# Computational feasibility

Your experiments should be computationally feasible. If you ignore these issues, you will probably not get any results.

Intended for: BSc, MSc, PhD

You should learn to first start small, and then gradually scale up. The latter requires you to quickly estimate the expected computational load of your experiments, and (possibly) to find your required computational resources.

## Start small

If your method does not work in a small task, it will certainly not work in a big task.

You always start too big.

A typical experiment:

You just came up with a new idea. You are enthusiastic, and you want to solve an interesting, complex problem.

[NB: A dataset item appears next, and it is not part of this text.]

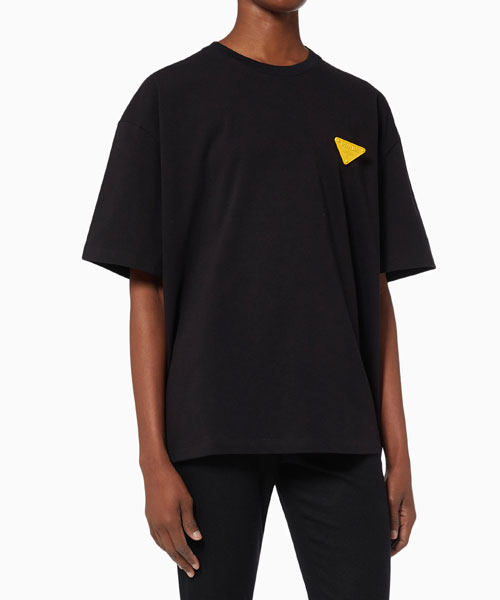 콘트라스트 트라이앵글 로고 코튼 티셔츠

You start to write a ton of code, and fire it at your complex problem.

You then find out that your method takes ~24 hours to run a reasonable number of steps. To make it more problematic: your method shows no performance at all.

You suddenly have no clue how to continue. It might be a bug in your code. Your idea might be flawed. Your problem might simply be too big too solve. Etc.

You don't know, and you don't know how to figure it out.

Why you need to start small.

The solution to the above problem is really simple: always start with small scale experiments, and only gradually scale up. There are two reasons:

Investigation: Your method may simply be flawed. You forgot to think about a certain aspect that hinders performance. To find out what goes wrong, you will need to log output during execution, maybe visualize aspects of the algorithm. This is only possible in small problems, where you can accurately track what happens.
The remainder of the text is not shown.